§ **WHAT YOU ARE ASKED TO DO**
The listing below should be reproduced precisely, except for its images.

§ **RECORDED DATA**

════════════════════

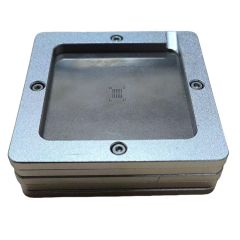 BGA Fixed Ball Placement Station NW190 Ball Placement Station Ball Placement Fixture can be customised.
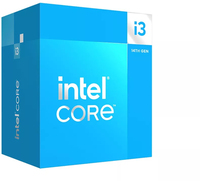 Intel i3-14100F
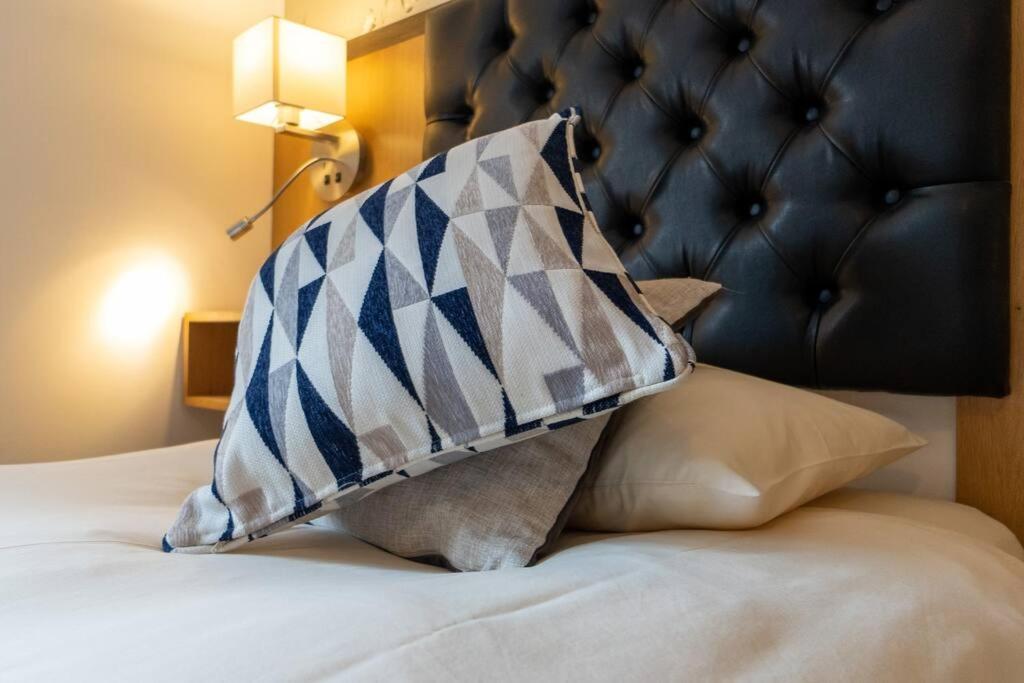 Villa 1 Regent Square, Rye - For A Perfect Break Extérieur photo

════════════════════

§ **FINISHED EXERCISE**
 BGA Fixed Ball Placement Station NW190 Ball Placement Station Ball Placement Fixture can be customised.
 Intel i3-14100F
 Villa 1 Regent Square, Rye - For A Perfect Break Extérieur photo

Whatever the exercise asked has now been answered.